Being a mother of three little girl tyrants myself, I am not pretending that this is not a difficult task. Being a pediatrician, I insist you at least try. There will be much whining and crying – at first. Then you will realize it is all for the best and you will get it together, as will your children. So here is what you do, step by step (for reals, it totally works):

  1. Veggies should be half of your child’s plate every night at dinner. Don’t get mad! Just wait! Give me a chance. What I mean is, put one or two tiny carrots, 2 or 3 leaves of spinach, a cherry tomato, a piece of broccoli, you get the idea. You can also put a few pieces of fruits. It is much easier to eat a little bit of many things then ten pounds of broccoli at one sitting.  You see how these are all raw? Easier to “make” and packed with nutrition. HALF of your and your child’s plate should be fruits and vegetables at every meal.
  2. Lean protein, no bigger then your child’s fist.
  3. Starch – most optional component of any meal. Consider whole foods such as quinoa, barely, brown rice. Potatoes are very healthy as long as they don’t come from a box. Make a whole bunch of starch, enough for two or three nights so you can save the step of cooking.  Again, about the size of your child’s fist.
  4. Dairy – low fat milk, cheese, yogurt. It is essential we ALL get the necessary calcium and vitamin D. If your family does not like these products, try sneaking them in. For example, milk with oatmeal or a healthy whole grain cereal. Pizza can be healthy on occasion and is a good source of protein, calcium, vitamin D from the cheese, and other vitamins from the sauce. If you make your own, you can sneakily puree other veggies into the sauce, buy a whole wheat crust, and voila! Other options are almond milk, soy or rice milk, etc.
  5. Water – drink it. It’s free. Not the other stuff (except milk). No negotiation. Enough said. (I don’t like to hear “I don’t like water and neither does my child” 6 billion people in the world drink flavorless water. I have faith that you, too, can do it.)

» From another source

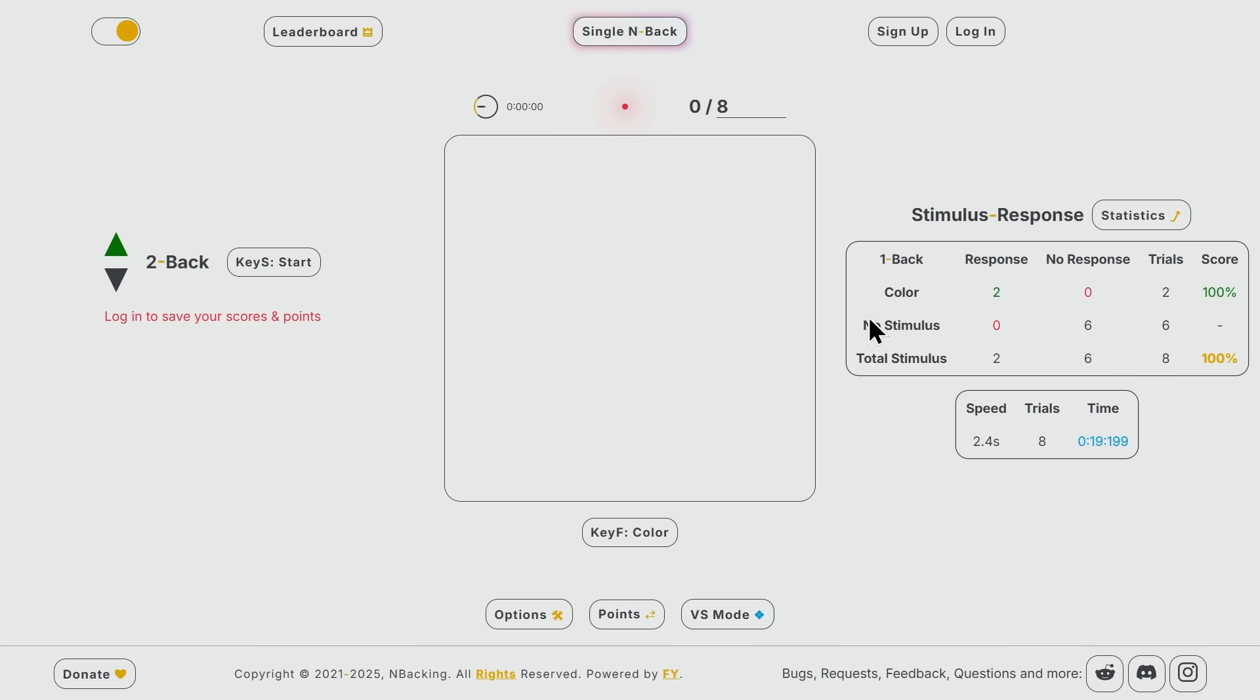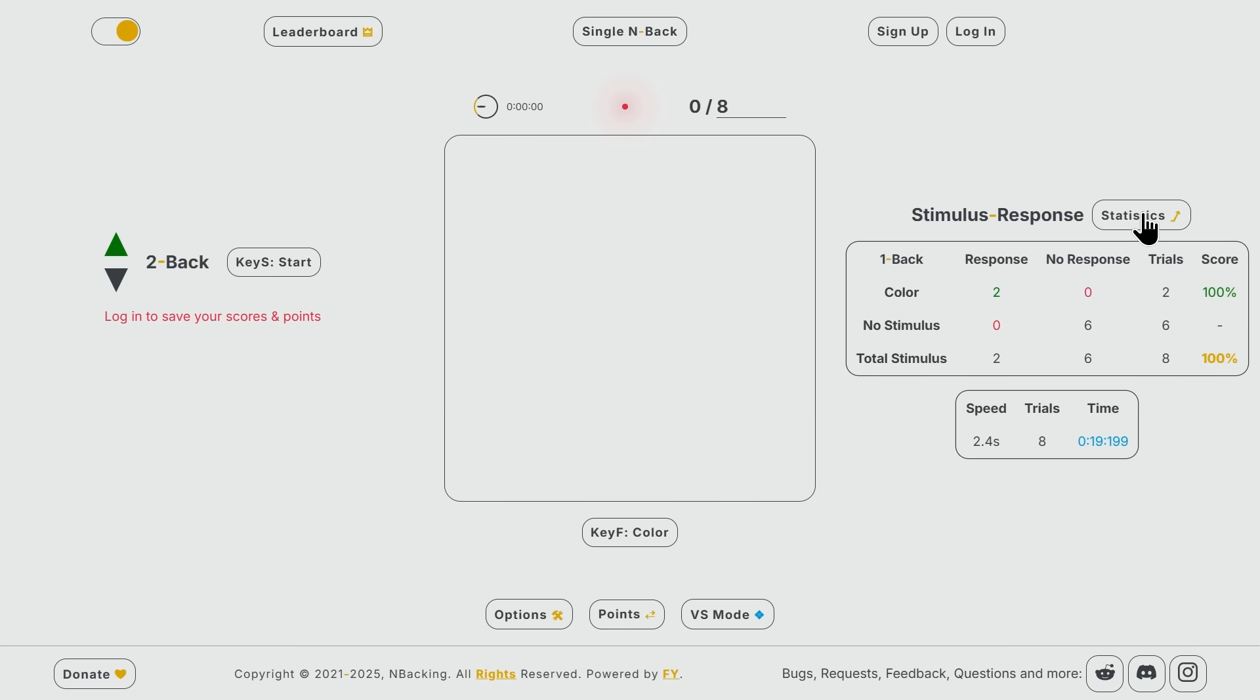If you feel that it is too slow or too fast, you can create an account to change speed, choose your own keybinds, save your scores, earn points, and check statistics.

If your child chooses not to eat dinner – which is highly likely for a few weeks if this is not what they are used to eating – they may have it later. Consider if your dinnertime is too early following afternoon snack; if so, either lessen the amount of snack or move dinner to later. They may also have a piece of whole fruit or vegetable before going to bed (for most normal children this is the less appealing choice). They may NOT have a processed snack, sandwich, cereal, etc. or they will not learn to eat dinner at dinner-time. Remember, you will likely throw out about one month’s worth of food before they try it and then another month’s before they eat it.

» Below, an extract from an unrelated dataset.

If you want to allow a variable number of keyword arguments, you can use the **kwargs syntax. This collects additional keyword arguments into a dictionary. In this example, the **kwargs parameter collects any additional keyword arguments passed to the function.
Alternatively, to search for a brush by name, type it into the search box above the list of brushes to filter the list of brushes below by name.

Lastly, a quick word about snacks.  Snacks should be whole foods such as nuts, pumpkins seeds, raisins, fruits perhaps with peanut butter, veggies with hummus and so on. Snacks were intended to be a healthy supplement to our diets but have deteriorated into “junk food” time. Take back the snack!

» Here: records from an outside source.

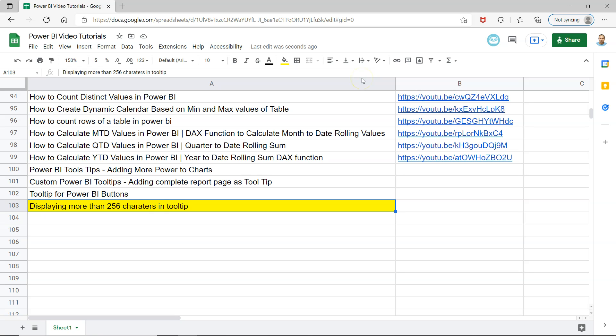Hello and welcome to the new Power BI tutorial video. In this video, I will show you how you can display more than 256 characters in a tooltip.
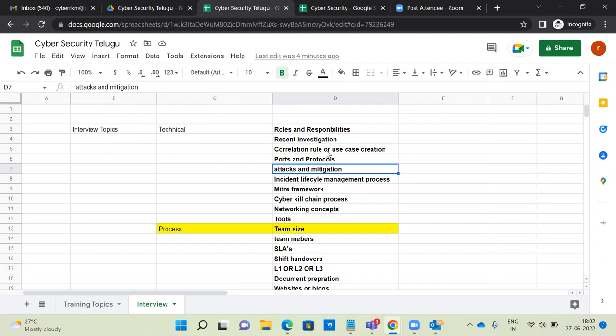Not just the definition — you should know about the attacker's tactics and techniques, the attack definition, and how the attack impacts the organization. Finally, what mitigation steps should be done. You should know about the incident lifecycle management process and how to follow it step by step.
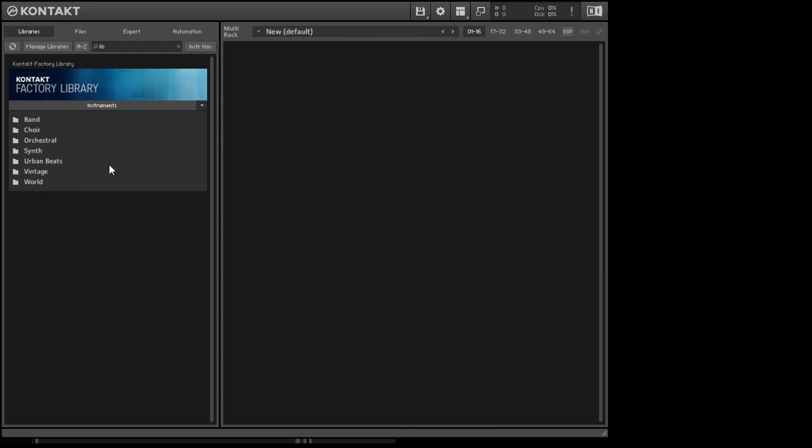If you don't see anything here, make sure you don't have something typed in up here. Click on the X if you want to get rid of it. And if still nothing shows up, run Native Instruments Native Access Program. You may have forgotten to download the factory library. I know this comes with Contact Player. There may be one or two other libraries that do as well, but you'll definitely have this one.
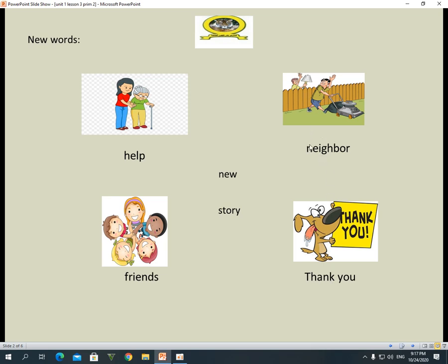Neighbor. He is my neighbor. What's the meaning of neighbor? I want you to concentrate on the G and H — we don't pronounce them. So it's neighbor. G and H, we don't pronounce them.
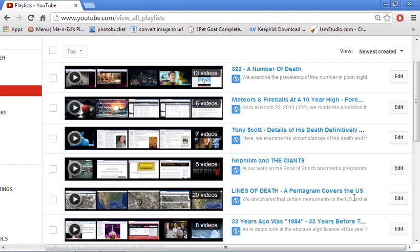This particular one is the Lines of Death series. I've also got the Latitudes of Death in this as well, in addition to some other discoveries that we made in terms of alignments and ancient structures.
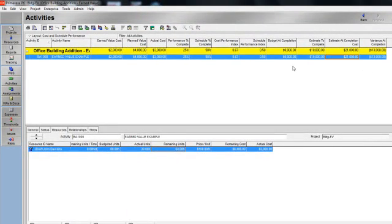Thank you for viewing our earned value management techniques. Hopefully these were helpful to you. Thank you very much.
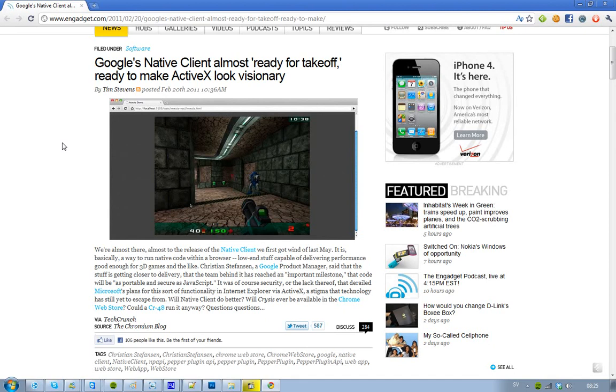It doesn't work in Internet Explorer or other browsers. This is only for the Google Chrome browser. So yeah, very interesting. See you.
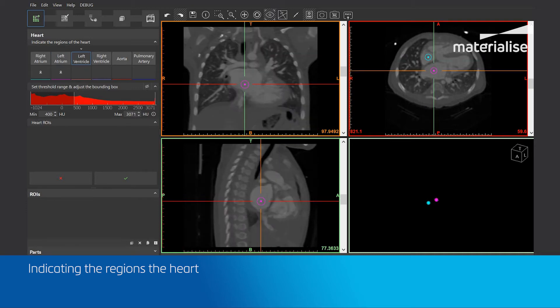Now the left ventricle box is highlighted. As you can see, I will now follow the same principle up to the pulmonary artery.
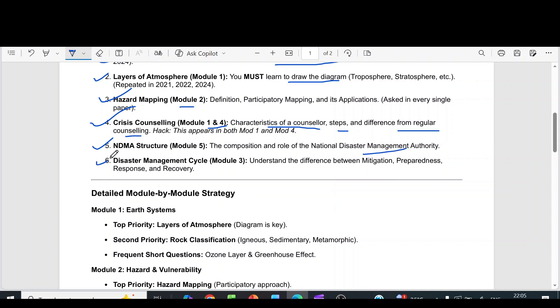The sixth question is the disaster management cycle from module 3. Understand the difference between mitigation, preparedness, response, and recovery.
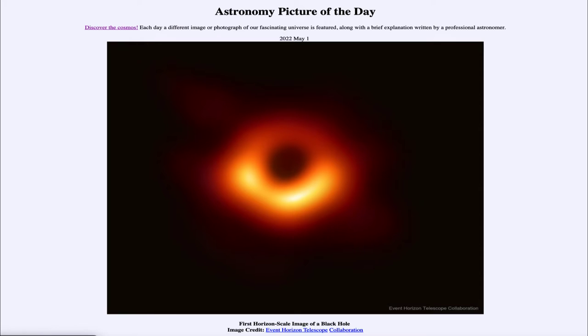Today's picture for May the 1st of 2022 is titled 'First Horizon Scale Image of a Black Hole.'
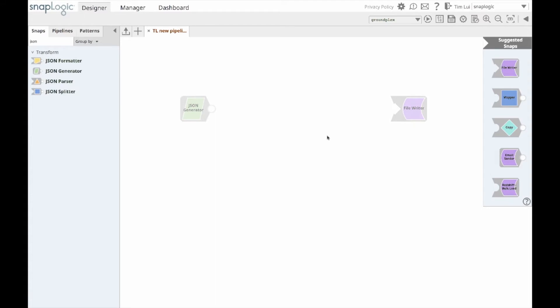Hi. In this video, I'm going to show you some of the enhancements that are made to the Integration Assistant feature, powered by SnapLogic's Iris AI.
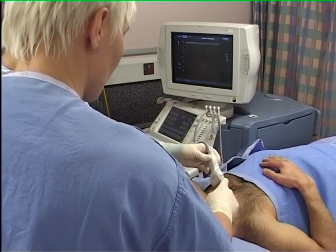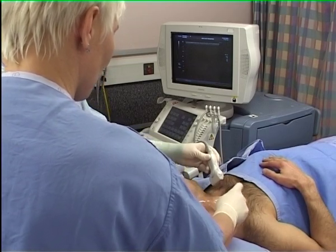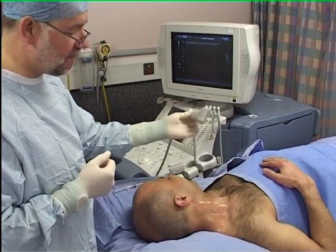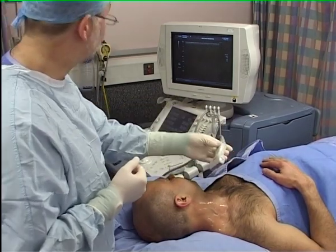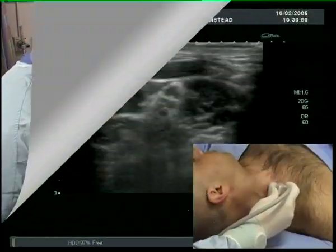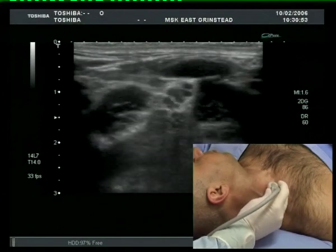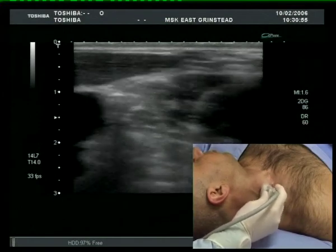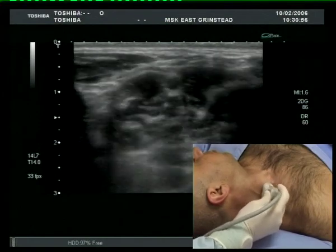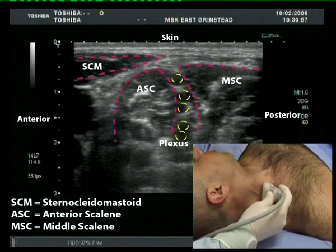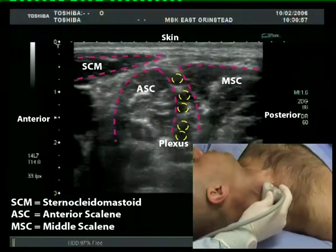Applying the probe near the clavicle allows the subclavian artery to be identified. The plexus lies lateral to it. Tilting the probe into the neck and moving it proximally to follow the plexus leads into the interscalene groove, where the roots appear as round hypoechoic structures between the scalene muscles.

Remember, humans were eating these whole, healthy foods for thousands of years before we mucked it up in the last thirty, leading to an obesity crisis starting in infancy, people! Get yourselves and your families healthy again and get back to basics!

4 thoughts on “Get Back to Basics: Feeding Our Children and Ourselves from a Pediatrician Mom

  1. Guilty as charged. I have one kid in particular who loves his carbs and not much else. I need to remember he won’t starve if I only offer healthy foods and he can take or leave them. Thanks for the reminder, Dr. Anna! (And congrats on publishing your first WMAG post.)

  2. I think we all have one of those kids! I need to constantly remind myself to stay strong!

  3. Patricia Wojcicki says:

    Sometimes it’s hard to determine if healthy eating is tougher on the kiddos or the adults…but it is a worth while investment in your child’s health and habits. Thanks for making it simple!